Tuesday, 14 January 2020: 9:30 AM
151A (Boston Convention and Exhibition Center)
James Johnstone, Climate Forecasting Applications Network, Seattle, WA
Large societal benefits might result from accurate forecasts of changes in the Atlantic Multidecadal Oscillation (AMO), which describes alternating ~30-40 year excursions of North Atlantic sea surface temperatures and correlated anomalies of tropical hurricane activity and continental temperatures and drought. However, debate continues over the AMO’s primary physical causes, particularly the role of the regional atmosphere. Some studies have proposed a primary and direct atmospheric driver of AMO SST changes via surface heat flux forcings. Others suggest a key role for variable ocean heat transports by the Atlantic Meridional Overturning Circulation (AMOC), possibly due to time-integrated atmospheric forcing of ocean dynamics with a decadal delay, behavior suggestive of long-range predictability.

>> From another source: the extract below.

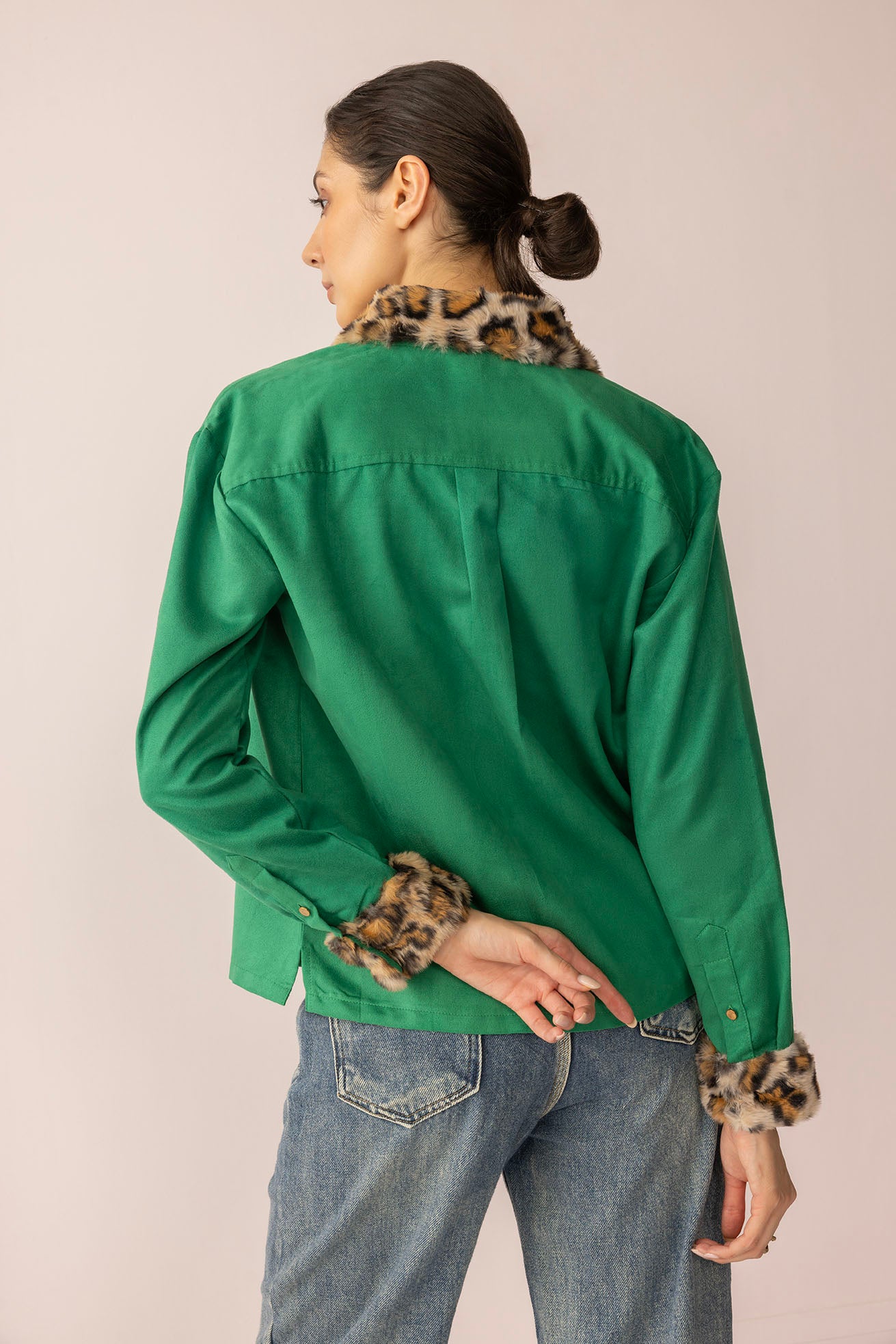 Sienna Rose Women's Shirt in Green with Fur.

Here we present observational evidence that historical AMO transitions were not incremental or gradual changes, as produced by slow ocean processes, but a series of abrupt, step-like SST shifts that reorganized the regional climate within just a few months to a few years, behavior more consistent with atmospheric processes. Based on spatio-temporal patterns of coupled atmosphere-ocean change, it is proposed that that AMO transitions begin as stochastic atmospherically-forced SST perturbations that are occasionally sustained by positive feedbacks as anomalous multidecadal climate states. Such behavior has important implications for AMO forecasting approaches, and suggests that patterns of short-term atmospheric variability may hold the key to prediction of low-frequency North Atlantic climate changes.